Los galeses vinieron pues, a nuestro país en busca de lo que las autoridades del mismo les negaba a sus propios naturales, en síntesis; salieron de su tierra natal con el sueño de fundar en el sur una Nueva Gales y se dieron con que ésta ya existía, porque en lo sustancial, la Gales británica que gemía bajo el yugo inglés no tenía mayores diferencias con la Argentina de Mitre, tan obediente a los designios extranjeros como el céltico país del mítico dragón rojo y el eisteddfod.
Así las las cosas, la relación entre esos inmigrantes galeses y el estado argentino tenía necesariamente que ser lo que en efecto fue: una bolsada 'e gatos.
Sólo la inteligente y eficaz política de la primera presidencia de Julio A. Roca (1880-1886) con el Tratado de Límites con Chile de 1881, la ley 1532 de Territorios Nacionales de 1884 y la designación en noviembre de ese mismo año del teniente coronel Luis Jorge Fontana como gobernador del Chubut, consiguió morigerar y atemperar esa siempre conflictiva situación.



 

Que nuevamente se dificultó hasta hacerse crítica en 1895, con el nombramiento como gobernador de Eugenio Tello,  resistido por los colonos, y sobre todo en 1898 con el del coronel Carlos O'Donnell. La objeción principal (o más apropiadamente; excusa pueril para una disconformidad que tenía otras raíces) de los galeses estaba dirigida a la obligatoriedad de enrolarse en la Guardia Nacional (esto es, el ejército de línea) y de cumplimentar los ejercicios militares en día de domingo (esto último ya había sido corregido por el presidente Uriburu, pero O'Donnell se negaba a cambiarlo).
El 5 de setiembre de 1898 una asamblea de los colonos designó a dos representantes de entre ellos: Llwyd ap Iwan y Thomas Benbow Phillips, para que se dirigieran a Inglaterra a fin de plantear el caso al gabinete británico.
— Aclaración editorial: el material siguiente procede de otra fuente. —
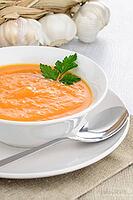 Pumpkin soup on white wood background [IBR124676077]
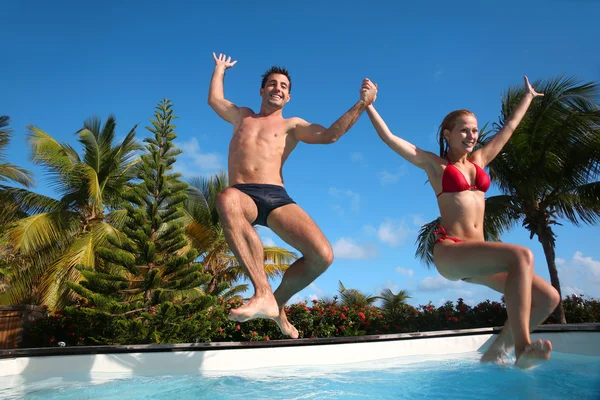Jovem casal pulando na piscina — Fotografia de Stock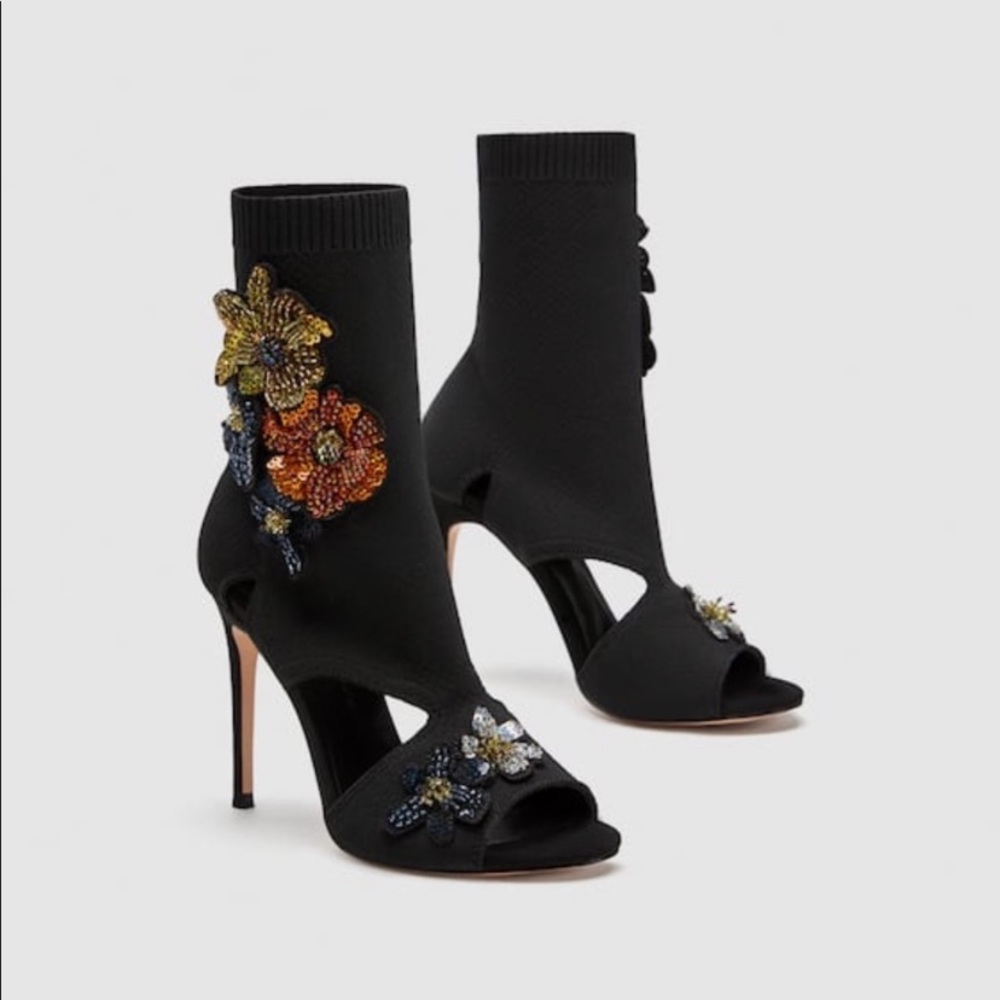 High heel sock-style sandals with flowers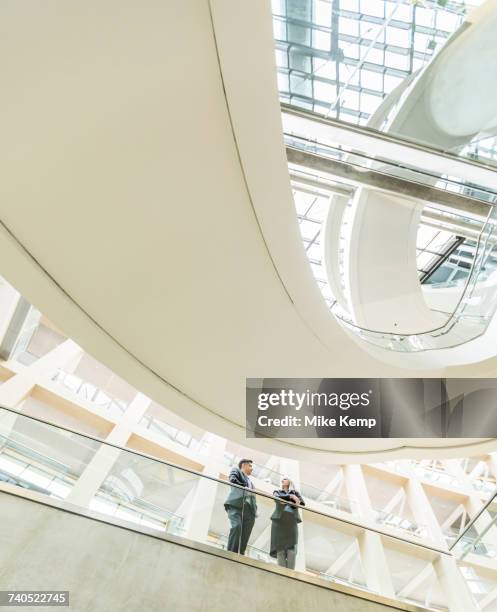business people talking in lobby - salt lake city people stock pictures, royalty-free photos & images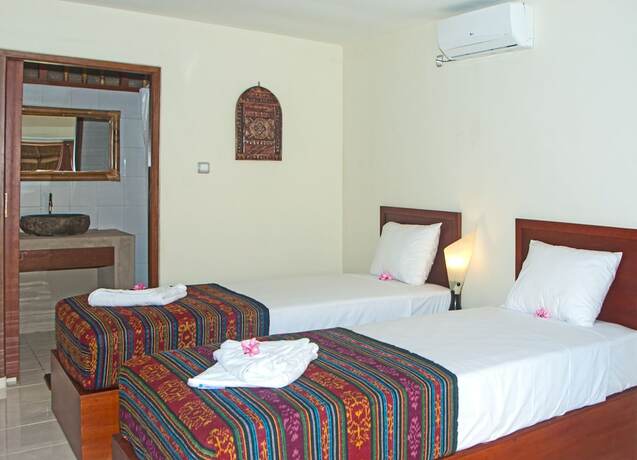 Imagen de la habitación del Hotel Mama Bella's Retreat. Foto 27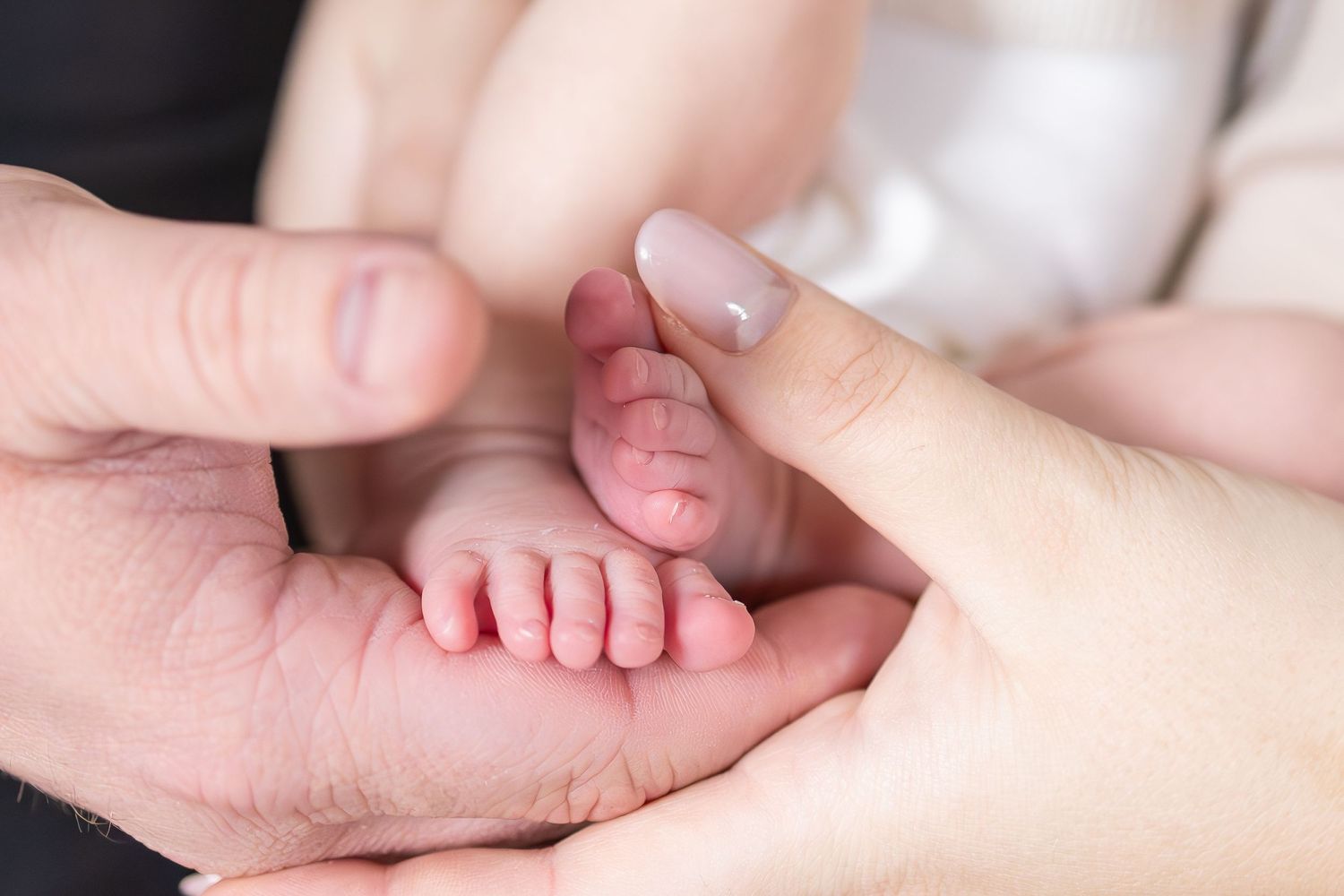 Tiny newborn baby feet being gently held in adult hands.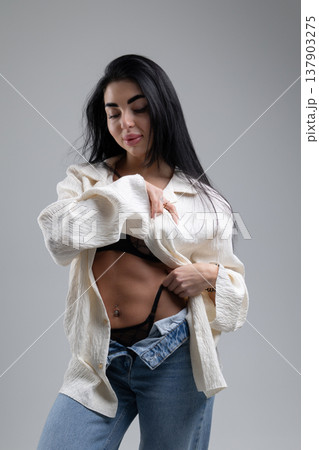 Attractive woman undressing, wearing lingerie and jeans, white studio background 137903275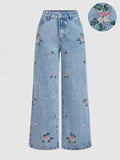 Blue wide-leg jeans with delicate scattered wildflower embroidery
Para mediados de enero de 1899, los diarios The Times, de Londres; The Guardian, de Manchester y Western Mail, de Cardiff, publicaron la noticia de que los delegados habían pedido entrevistarse con algunos parlamentarios para "exponerles quejas que aquellos colonos les habían transmitido sobre abusos cometidos con ellos por el Gobierno argentino, y reclamar el apoyo del inglés, o para ponerse bajo su protectorado, o para que les auxiliase a conquistar su independencia", tal como lo consignó la Revista Hispanoamericana en su edición del 1 de abril de 1899. El 28 de febrero presentaron ante el Foreign Office un "informe" (extrañamente, fechado dos semanas antes, el 14) en el que detallaban sus quejas por los "agravios" que según ellos las autoridades argentinas les infligían a los galeses. Pero no se detuvieron allí; porque llevaron las cosas al extremo de negar los derechos de la Argentina a la soberanía sobre la Patagonia, instar a Inglaterra a reclamarla como suya y proponer que fuera proclamada como país independiente, bajo el protectorado conjunto de Inglaterra y los Estados Unidos:

Soberanía. Es innegable que la posesión formal efectuada por Sir John Narborough, y la subsiguiente colonización por sujetos británicos hace el reclamo de Inglaterra a la soberanía sobre la Patagonia principalísimo.
El reclamo de la Argentina sólo puede basarse en la hipótesis de que como su usurpación no provocó protestas de parte de Inglaterra, el silencio de ésta se entendió como equivalente al abandono del reclamo británico.
Que ningún gasto incurrido por la Argentina en el gobierno de los establecimientos le da derechos de soberanía. Las expensas realizadas por ese estado han sido hechas a su propio riesgo, siendo premeditadamente gastadas en tierras pertenecientes a otra nación, mientras ha más que recuperado tales expensas por los gravámenes que ha impuesto y recaudado y los derechos con que ha gravado los bienes consumidos por los pobladores, consecuentemente se manifiesta:
Que la permanencia de las autoridades argentinas en la Patagonia, el tratamiento vejatorio de los sujetos británicos, y el fuerte intento de hacerlos renunciar a su nacionalidad, es una grave usurpación de los derechos soberanos de Inglaterra, y contrario a la ley internacional.
Eventualidades. Los abajo firmantes son conscientes de que ciertas eventualidades, adversas a las aspiraciones de los pobladores, pueden aflorar, tal por ejemplo la insignificancia de la Patagonia comparada con el hecho de poner en peligro los intereses británicos en el Río de la Plata, o el riesgo de chocar con la Doctrina Monroe, pero la última objeción a la intervención del Gobierno de Su Majestad puede ser refutada con la acción conjunta del gobierno británico y el de Estados Unidos. Ellos piensan que las circunstancias ciertamente justifican sugerir que la Patagonia o por lo menos las tierras ocupadas en el valle del Chupat sean organizadas en un estado independiente de la Argentina bajo el protectorado conjunto de esas dos potencias.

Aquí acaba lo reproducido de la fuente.